As it absorbs Genentech, Roche leaves PhRMA and joins BIO
With healthcare reform, biosimilar legislation and pharma-industry taxation among the topics perking along in Washington this summer, it’s important for life sciences companies to present a unified front to legislators. Thus, it doesn’t appear to be a casual decision by Roche, the Swiss-based biopharma giant, to decide to leave the Pharmaceutical Research and Manufacturers Assn. and jump with both feet into the Biotechnology Industry Organization (BIO), as reported recently by the New Jersey Star Ledger.
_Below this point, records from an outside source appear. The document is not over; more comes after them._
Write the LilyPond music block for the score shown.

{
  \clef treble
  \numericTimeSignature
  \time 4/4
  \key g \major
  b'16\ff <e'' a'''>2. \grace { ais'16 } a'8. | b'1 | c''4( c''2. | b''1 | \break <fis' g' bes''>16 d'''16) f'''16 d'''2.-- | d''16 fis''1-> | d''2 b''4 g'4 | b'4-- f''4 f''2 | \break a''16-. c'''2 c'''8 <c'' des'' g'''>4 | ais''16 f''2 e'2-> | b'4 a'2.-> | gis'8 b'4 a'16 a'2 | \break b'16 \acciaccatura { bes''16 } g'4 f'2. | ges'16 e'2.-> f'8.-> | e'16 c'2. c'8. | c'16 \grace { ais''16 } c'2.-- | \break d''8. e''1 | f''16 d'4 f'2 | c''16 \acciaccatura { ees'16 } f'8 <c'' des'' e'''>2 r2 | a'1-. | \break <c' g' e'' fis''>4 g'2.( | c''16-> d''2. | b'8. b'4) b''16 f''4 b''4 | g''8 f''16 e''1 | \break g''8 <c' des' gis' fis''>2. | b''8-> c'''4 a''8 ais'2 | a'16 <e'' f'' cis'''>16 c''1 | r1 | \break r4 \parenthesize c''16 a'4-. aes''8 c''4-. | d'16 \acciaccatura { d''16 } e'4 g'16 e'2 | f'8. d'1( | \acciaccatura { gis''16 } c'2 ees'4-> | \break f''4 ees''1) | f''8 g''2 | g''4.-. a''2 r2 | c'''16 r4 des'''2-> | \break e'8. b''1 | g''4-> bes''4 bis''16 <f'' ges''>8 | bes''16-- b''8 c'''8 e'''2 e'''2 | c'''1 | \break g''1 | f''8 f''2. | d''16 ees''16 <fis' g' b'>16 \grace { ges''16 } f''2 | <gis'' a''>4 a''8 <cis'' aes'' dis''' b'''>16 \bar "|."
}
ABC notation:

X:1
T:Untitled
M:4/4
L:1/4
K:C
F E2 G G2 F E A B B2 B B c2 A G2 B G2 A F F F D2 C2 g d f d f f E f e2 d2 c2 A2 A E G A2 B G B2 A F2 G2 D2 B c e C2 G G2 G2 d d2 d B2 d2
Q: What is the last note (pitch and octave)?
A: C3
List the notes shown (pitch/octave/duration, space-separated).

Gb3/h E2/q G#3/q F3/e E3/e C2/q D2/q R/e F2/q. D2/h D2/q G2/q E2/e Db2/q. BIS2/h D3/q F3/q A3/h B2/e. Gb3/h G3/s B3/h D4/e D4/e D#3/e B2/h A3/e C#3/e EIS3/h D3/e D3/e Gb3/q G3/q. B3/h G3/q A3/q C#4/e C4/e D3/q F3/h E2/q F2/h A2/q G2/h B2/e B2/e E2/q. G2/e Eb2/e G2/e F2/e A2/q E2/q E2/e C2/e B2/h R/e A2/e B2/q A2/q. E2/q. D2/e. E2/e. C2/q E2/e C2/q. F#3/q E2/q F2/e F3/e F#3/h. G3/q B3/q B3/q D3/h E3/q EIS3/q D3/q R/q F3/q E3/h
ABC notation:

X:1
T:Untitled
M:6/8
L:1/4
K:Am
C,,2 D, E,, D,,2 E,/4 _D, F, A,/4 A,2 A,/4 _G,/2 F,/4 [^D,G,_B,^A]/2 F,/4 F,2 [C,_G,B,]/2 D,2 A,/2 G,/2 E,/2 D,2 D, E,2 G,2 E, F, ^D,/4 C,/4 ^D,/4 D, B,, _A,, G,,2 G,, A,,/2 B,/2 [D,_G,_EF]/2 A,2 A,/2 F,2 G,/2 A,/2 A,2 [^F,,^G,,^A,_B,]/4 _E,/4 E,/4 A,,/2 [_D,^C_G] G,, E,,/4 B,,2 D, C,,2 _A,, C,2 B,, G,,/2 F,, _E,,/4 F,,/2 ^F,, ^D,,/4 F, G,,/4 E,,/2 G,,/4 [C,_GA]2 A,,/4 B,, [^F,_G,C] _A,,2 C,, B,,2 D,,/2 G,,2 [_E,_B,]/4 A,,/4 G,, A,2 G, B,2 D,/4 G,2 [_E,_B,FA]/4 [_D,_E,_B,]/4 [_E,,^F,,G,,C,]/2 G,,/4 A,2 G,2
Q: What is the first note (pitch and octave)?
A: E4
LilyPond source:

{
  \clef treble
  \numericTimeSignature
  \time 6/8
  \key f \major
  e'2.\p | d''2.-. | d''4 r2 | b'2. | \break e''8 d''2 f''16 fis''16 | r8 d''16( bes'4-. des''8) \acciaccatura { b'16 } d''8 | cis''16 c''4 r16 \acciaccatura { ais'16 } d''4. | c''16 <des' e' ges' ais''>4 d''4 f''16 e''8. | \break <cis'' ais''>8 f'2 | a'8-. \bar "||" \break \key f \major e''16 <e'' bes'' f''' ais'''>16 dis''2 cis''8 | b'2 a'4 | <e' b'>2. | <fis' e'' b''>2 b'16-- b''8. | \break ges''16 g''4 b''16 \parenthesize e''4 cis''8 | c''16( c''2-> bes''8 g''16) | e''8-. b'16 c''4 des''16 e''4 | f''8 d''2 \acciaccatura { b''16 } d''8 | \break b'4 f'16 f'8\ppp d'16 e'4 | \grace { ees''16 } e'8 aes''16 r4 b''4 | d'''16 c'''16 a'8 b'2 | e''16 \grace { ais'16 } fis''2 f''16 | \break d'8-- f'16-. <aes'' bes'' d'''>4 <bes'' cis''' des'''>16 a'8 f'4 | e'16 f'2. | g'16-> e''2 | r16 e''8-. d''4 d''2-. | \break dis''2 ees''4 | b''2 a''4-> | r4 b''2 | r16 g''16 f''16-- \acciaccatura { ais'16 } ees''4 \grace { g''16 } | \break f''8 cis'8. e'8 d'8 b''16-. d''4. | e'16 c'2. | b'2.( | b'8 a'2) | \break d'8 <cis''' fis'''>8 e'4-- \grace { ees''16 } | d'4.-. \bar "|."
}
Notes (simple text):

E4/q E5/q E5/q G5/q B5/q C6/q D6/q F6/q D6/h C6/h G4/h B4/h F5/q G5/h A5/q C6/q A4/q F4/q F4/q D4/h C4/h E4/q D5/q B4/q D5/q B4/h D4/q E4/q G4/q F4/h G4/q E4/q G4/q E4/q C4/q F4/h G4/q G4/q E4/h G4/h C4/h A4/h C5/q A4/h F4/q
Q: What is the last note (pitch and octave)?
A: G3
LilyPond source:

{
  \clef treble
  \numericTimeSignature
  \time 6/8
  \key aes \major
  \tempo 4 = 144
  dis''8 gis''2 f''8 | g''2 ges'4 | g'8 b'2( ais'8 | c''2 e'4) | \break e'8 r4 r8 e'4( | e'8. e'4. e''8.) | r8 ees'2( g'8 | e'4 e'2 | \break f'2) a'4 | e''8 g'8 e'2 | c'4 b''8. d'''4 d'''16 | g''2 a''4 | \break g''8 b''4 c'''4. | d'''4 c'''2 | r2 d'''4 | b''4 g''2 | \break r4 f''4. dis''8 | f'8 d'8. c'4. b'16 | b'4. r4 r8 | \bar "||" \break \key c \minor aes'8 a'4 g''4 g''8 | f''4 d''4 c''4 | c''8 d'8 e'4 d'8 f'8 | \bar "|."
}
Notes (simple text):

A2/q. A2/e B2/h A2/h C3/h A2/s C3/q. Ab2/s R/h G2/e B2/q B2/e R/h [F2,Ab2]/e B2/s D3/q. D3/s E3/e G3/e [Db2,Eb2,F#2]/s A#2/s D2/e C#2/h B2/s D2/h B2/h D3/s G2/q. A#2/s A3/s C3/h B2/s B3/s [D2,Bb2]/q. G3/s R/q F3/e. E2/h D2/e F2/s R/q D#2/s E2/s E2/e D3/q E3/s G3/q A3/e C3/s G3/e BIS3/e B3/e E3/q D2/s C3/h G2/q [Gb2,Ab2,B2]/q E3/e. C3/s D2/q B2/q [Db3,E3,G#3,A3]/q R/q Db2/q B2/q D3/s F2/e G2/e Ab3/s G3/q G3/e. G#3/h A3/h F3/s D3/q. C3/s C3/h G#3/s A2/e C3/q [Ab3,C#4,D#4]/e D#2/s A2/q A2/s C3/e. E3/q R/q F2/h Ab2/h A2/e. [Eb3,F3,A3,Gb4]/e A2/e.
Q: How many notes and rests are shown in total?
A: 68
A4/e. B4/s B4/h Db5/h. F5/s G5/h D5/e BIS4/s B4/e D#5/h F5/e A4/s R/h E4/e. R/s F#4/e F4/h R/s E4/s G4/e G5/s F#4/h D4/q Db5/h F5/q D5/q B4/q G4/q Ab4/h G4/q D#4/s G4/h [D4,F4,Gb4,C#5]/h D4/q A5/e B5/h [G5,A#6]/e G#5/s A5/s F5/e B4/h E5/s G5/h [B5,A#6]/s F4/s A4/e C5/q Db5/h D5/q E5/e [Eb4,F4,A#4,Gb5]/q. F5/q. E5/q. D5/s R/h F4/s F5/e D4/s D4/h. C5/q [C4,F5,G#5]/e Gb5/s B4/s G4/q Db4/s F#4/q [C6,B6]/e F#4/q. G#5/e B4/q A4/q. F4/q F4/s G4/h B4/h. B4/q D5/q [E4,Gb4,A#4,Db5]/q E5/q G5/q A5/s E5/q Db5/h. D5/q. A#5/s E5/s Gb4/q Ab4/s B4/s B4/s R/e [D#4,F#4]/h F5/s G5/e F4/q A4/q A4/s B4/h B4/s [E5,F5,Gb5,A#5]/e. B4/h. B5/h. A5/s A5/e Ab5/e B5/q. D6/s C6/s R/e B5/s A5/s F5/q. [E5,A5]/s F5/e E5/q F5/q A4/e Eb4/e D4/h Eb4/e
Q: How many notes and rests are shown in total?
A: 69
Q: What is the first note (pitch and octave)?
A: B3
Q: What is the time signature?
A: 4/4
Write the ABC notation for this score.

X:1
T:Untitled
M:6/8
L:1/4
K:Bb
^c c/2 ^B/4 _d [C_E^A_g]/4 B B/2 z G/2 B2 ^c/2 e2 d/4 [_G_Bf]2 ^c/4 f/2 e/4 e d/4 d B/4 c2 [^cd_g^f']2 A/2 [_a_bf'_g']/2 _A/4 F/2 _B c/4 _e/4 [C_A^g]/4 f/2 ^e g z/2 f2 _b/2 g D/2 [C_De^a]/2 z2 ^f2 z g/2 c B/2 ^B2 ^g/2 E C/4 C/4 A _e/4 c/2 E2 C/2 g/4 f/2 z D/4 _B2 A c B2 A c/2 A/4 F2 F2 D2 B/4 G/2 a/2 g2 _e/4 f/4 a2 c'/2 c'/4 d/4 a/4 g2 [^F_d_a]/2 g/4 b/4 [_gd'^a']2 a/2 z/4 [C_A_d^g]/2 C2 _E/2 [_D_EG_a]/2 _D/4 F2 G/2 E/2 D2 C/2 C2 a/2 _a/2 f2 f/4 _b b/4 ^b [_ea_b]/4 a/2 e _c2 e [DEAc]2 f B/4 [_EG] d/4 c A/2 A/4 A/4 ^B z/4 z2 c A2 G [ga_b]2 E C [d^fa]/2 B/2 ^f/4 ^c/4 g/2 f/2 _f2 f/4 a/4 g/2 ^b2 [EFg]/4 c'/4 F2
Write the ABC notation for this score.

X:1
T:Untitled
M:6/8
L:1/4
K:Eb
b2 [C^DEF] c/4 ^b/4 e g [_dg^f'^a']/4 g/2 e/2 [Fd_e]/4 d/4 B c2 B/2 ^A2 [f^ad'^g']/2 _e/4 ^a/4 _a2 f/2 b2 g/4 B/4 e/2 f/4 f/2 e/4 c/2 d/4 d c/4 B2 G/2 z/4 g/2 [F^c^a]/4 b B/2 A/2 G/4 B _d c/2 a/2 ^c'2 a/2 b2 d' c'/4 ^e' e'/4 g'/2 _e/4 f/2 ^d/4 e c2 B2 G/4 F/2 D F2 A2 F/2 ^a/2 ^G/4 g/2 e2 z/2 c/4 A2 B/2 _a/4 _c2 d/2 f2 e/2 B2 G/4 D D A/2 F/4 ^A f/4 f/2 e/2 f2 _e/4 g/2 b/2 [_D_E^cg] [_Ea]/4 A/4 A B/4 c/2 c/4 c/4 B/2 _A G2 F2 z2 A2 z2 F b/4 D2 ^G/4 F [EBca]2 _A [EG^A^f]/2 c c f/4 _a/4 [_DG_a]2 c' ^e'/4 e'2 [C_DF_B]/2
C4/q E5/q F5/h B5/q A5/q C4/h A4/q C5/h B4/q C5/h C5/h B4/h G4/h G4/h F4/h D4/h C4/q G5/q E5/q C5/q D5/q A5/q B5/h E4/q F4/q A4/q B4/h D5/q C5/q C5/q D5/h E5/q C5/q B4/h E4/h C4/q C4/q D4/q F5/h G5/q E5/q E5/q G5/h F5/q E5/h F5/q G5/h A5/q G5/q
Both PhRMA and BIO are lobbying heavyweights on the Washington scene, but are structured slightly differently. PhRMA represents most of the traditional, chemistry-based manufacturers; BIO represents “biotechnology,” which includes industrial and agricultural industries as well as life sciences companies. Many pharma companies maintain cross membership in both organizations. But the associations’ differing agendas can show up in subtle ways: When PhRMA was negotiating a 10-year, $80-billion discount package for Medicare with the White House in late June, BIO issued a release saying “We will examine the deal through the lens of measuring its impact on the ability of biotechnology researchers to continue to develop and produce breakthrough medicines and therapies. . .”
Most recently--and perhaps seeing the writing on the wall--PhRMA announced the formation of a new committee dedicated to small biopharmaceutical companies. “It’s important that we address challenges and opportunities faced by all of our members—no matter how large or small,” said Billy Tauzin, PhRMA CEO.